Całodobowe protesty w Tbilisi są następstwem wyborów z 26 października, które utrzymały u władzy prorosyjską partię Gruzińskie Marzenie. Przeciwnicy twierdzą, że głosowanie zostało sfałszowane i podejrzewają sąsiednią Rosję o ingerencję w wybory.
Tysiące ludzi zebrało się przed gruzińskim parlamentem w stolicy kraju, Tbilisi, aby zaprotestować przed pierwszą sesją nowo wybranego parlamentu, zaplanowaną na poniedziałek.
Protestujący obiecali spędzić noc przed parlamentem, aby ich głos został usłyszany, oskarżając populistyczny rząd o sfałszowanie wyników październikowych wyborów.
Członkowie partii opozycyjnych również ogłosili odmowę udziału w pracach parlamentu.

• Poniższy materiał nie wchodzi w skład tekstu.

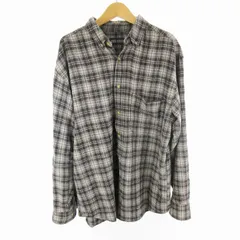 90S FADED GLORY フェイデッド グローリー フランネル シャツ 長袖 チェック グレー ブラック Ｍ ヴィンテージ オールド トップス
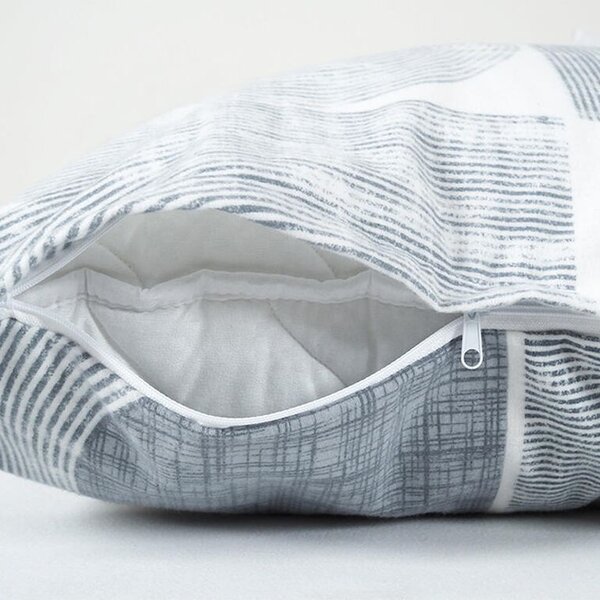 Flanelové ložní povlečení NORDIC GREY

"Protest będzie trwał całą noc i jutro muszą usłyszeć nasz głos, że te wybory zostały sfałszowane, a oni [rządząca partia Gruzińskie Marzenie] nie mają legitymacji narodu gruzińskiego i legitymacji społeczności międzynarodowej" - powiedział lider koalicji Jedność Ruchu Narodowego, Khatia Dekanoidze.
Całodobowe protesty w Tbilisi są następstwem wyborów z 26 października, które utrzymały u władzy prorosyjską partię Gruzińskie Marzenie.
Założyciel partii, miliarder Bidzina Iwaniszwil, dorobił się fortuny w Rosji, a krytycy zarzucają mu, że staje się coraz bardziej autorytarny i nastawiony na Moskwę.
Przeciwnicy twierdzą, że głosowanie zostało sfałszowane i podejrzewają sąsiednią Rosję o ingerencję w wybory.
Wielu Gruzinów postrzegało również wybory jako referendum w sprawie starań kraju o przystąpienie do Unii Europejskiej.
Centralna Komisja Wyborcza podała, że Gruzińskie Marzenie zdobyło około 54% głosów, a liderzy partii odrzucili twierdzenia opozycji o oszustwach wyborczych.
Europejscy obserwatorzy wyborczy stwierdzili, że wybory odbyły się w atmosferze "podziału", naznaczonej przypadkami przekupstwa, podwójnego głosowania i przemocy fizycznej.
Zourabichvili odpiera zarzuty
Proeuropejska prezydent Salome Zourabichvili, która odrzuciła wynik wyborów, oświadczyła na początku tego miesiąca, że zaskarży je do Trybunału Konstytucyjnego.
Zourabichvili, która pełni głównie funkcję ceremonialną, powiedziała, że Gruzja padła ofiarą presji ze strony Moskwy, która twardo sprzeciwia się przystąpieniu krajów postsowieckich do UE.
UE zawiesiła proces ubiegania się Gruzji o członkostwo na czas nieokreślony w czerwcu po tym, jak parlament tego kraju uchwalił ustawę wymagającą od organizacji, które otrzymują ponad 20% swoich funduszy z zagranicy, aby zarejestrowały się jako "realizujące interesy obcego mocarstwa", podobnie jak rosyjskie prawo używane do dyskredytowania i ograniczania organizacji krytycznych wobec rządu.
Partia przeforsowała również przepisy podobne do tych stosowanych przez Kreml w celu ograniczenia wolności słowa i praw osób LGBTQ+.